THAILAND - The Interior Ministry will make full use of all the mechanisms at its disposal to clarify issues related to the amnesty bill, Minister Charupong Ruangsuwan said yesterday.
He said he had ordered provincial governors and district chiefs to explain to the people that the amnesty bill is in keeping with democratic principles.
As well, these officials must closely follow news about any anti-government movement and report it to the ministry. Third, they must try to persuade such movements to carry out their protests or other activities within their own provinces instead of mobilising to Bangkok.
The fourth point of Charupong's order is that provincial and district officials must evaluate the situation in their areas of responsibility and report it regularly.
He denied allegations that force would be used to stop people joining mass rallies that are being mobilised by anti-government groups.
Some of these groups are set to meet this week to plan a massive rally opposing the blanket amnesty bill, which they interpret as potentially benefiting fugitive former prime minister Thaksin Shinawatra.
A House of Representatives panel vetting the government's amnesty bill last Friday voted to rewrite a clause, as proposed by Prayuth Siripanich, committee member from the ruling Pheu Thai Party, to include as beneficiaries people facing legal action in cases stemming from post-coup investigations.
The original draft proposed by Pheu Thai MP Worachai Hema did not grant amnesty to people convicted in criminal cases aside from political protest and did not cover protest leaders or the people who ordered the bloody 2010 crackdown.
Charupong said the new version of the bill would comply with Article 30 of the Constitution that says all people are protected equally under the law.
Drafting a law granting amnesty selectively would therefore be illegal, he claimed.
Meanwhile, giving amnesty would bring reconciliation and allow the country to move forward, he said. Asked to comment clearly on whether the new version of the bill would allow Thaksin to get his seized assets back, Charupong said the amnesty law had nothing to do with that.
Thaksin might ask the court to order the return his assets, but that would be a separate issue.
Democrat MP and legal expert Nipit Intarasombat said the new version of the bill would be against Article 309, the provision of the 2007 Constitution that protects the coup-makers from the consequences of their actions. Therefore, he claimed, it is the legitimate duty of the people to oppose the bill.
National Anti-Corruption Commission member Vicha Mahakhun said yesterday that passage of the new version of the bill would affect the NACC's investigation of the cases against Abhisit and his deputy Suthep Thaugsuban.

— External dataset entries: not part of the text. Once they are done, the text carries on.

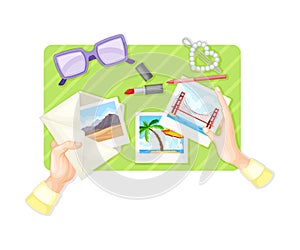 Human Hands Opening Envelope with Postal Card at Table Above View Vector Illustration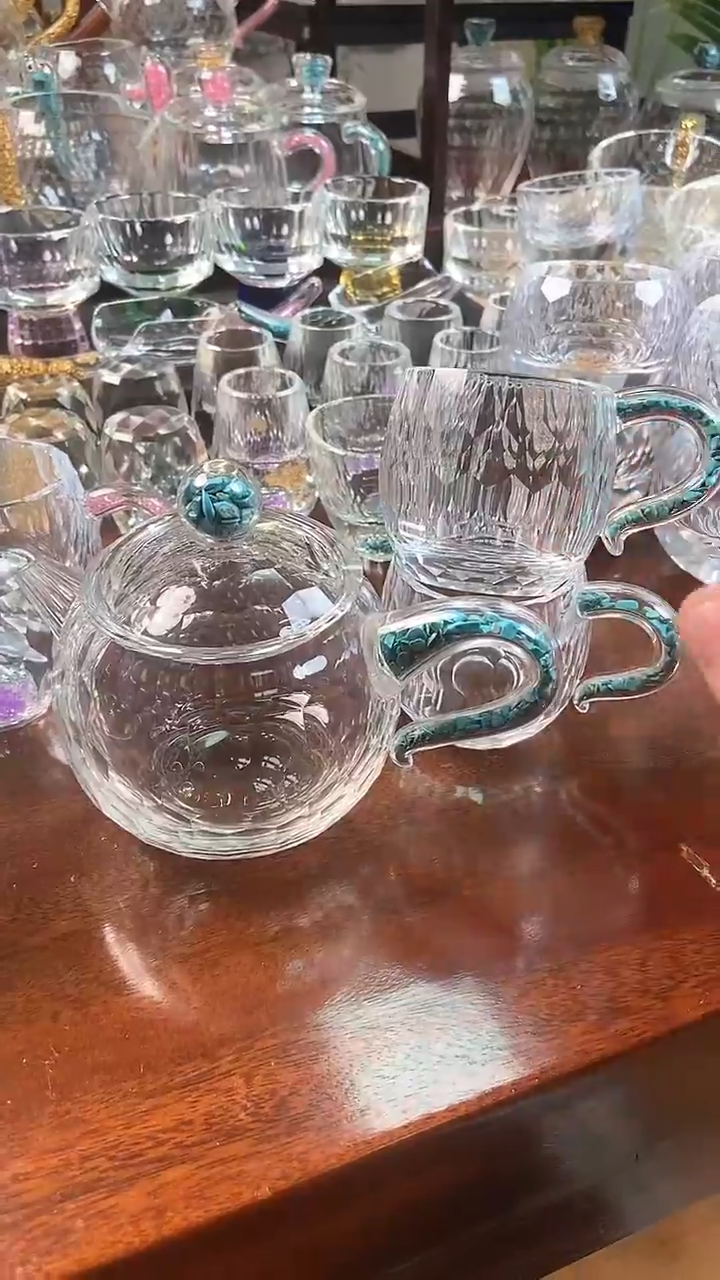 【闪购商品】水晶西施壶绿松石+弯把小茶碗绿松石2个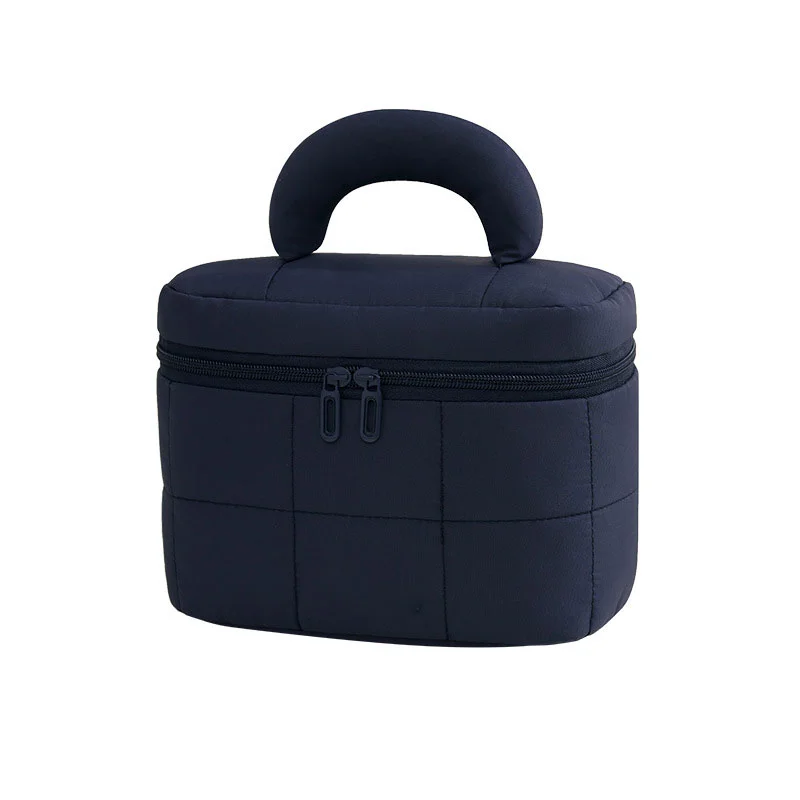 Guangzhou Fuliya Industry Co.,Ltd C-81224 Candy-color hand-carry makeup bag, large capacity with compartments, built-in mesh pocket and brush storage, wide opening, comfortable handle, and smooth zipper - for travel and daily use.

He said the principle of equality should not undermine principle of the rule of law, and no part of the Three Sovereign Powers - the administrative branch, the legislative branch and the judiciary branch - should interfere in the work of another part.
Meanwhile, Uthai Yodmanee, a leader of a rally by the Students' and People's Network for Thailand Reform at the Urupong intersection in Bangkok, said many groups had come out to join the gathering.